Investors are anticipating a bull run oil markets with Europe’s largest oil exchange-traded commodity (ETC) recording $200m inflows last week as global supply shortages and rising demand lead to soaring prices.

According to data from Ultumus, the $1.4bn WisdomTree WTI Crude Oil ETP (CRUD) saw inflows of $204m in the week ending Friday 24 September as oil topped $80 a barrel for the first time in three years on Tuesday.

Rising oil prices are in step with a broad rally in energy markets in the clearest sign yet of an impeding global energy shortage with investors looking to cash in on the opportunity.

The inflows could be signs of a turnaround for CRUD, which has recorded net outflows of $662m year to date, despite posting returns of 63.2% over the same period.

In another sign of changing investor sentiment, JP Morgan Cazenove recently upgraded the sector to overweight in its portfolio as rebounding oil prices deliver a sector boost.

“We recently upgraded the sector to overweight in our portfolio,” Mislav Matejka, head of global and European equity strategy at JP Morgan, said.

“The energy sector has also struggled, losing close to 20% relative from March to August this year. However, the rebound in oil prices has helped the sector perform better since then.”

Shortages have been compounded by the recent damage caused by Hurricane Ida, resulting in long-term outages to US offshore Gulf of Mexico production.

Aneeka Gupta, director of research at WisdomTree, said: “As of 24 September 2021, crude oil stocks amounted to just shy of 300,000 barrels per day, meaning that a total of 27.4 million barrels less crude oil has been produced since Hurricane Ida made landfall at the end of August.”

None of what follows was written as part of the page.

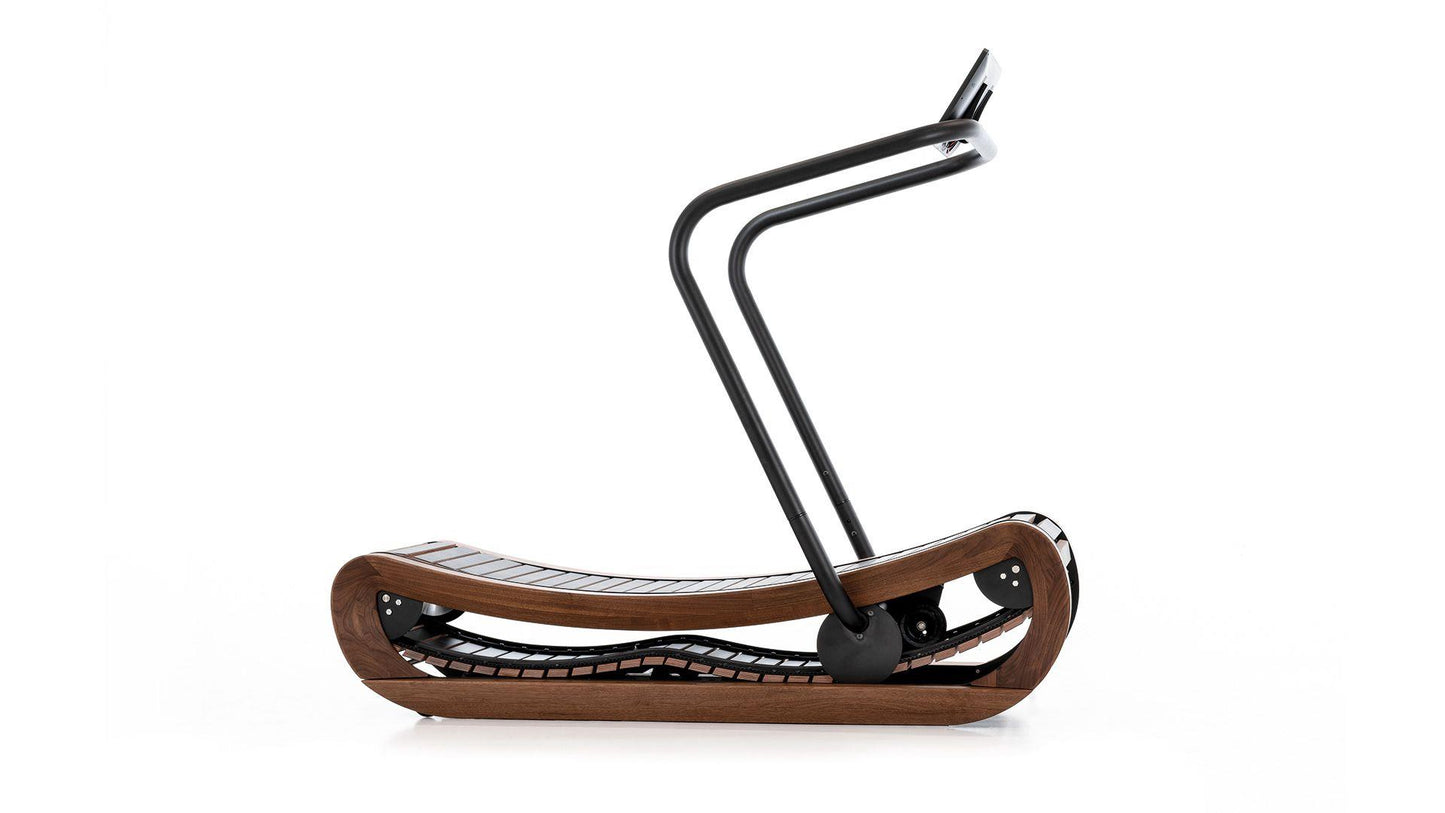 Laufband aus Holz und Metall ohne sichtbaren Markennamen.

She added that geopolitical supply risks could keep the market tight through to summer 2022 with output losses possible in Iran, Iraq and Libya.

In addition, Robert Minter, director of investment strategy at Aberdeen Standard Investments, said current supply shortages are being exacerbated by governments across the globe restricting capital flows to fossil fuel companies.

“The plan of governments has been to restrict capital, allow oil supply to fall by this amount or more, and force users, the demand side to shift to alternatives,” he said.

“While this is a ‘cheap policy’ that does not affect government budgets, it does nothing to incentivise people to demand more renewable energy.”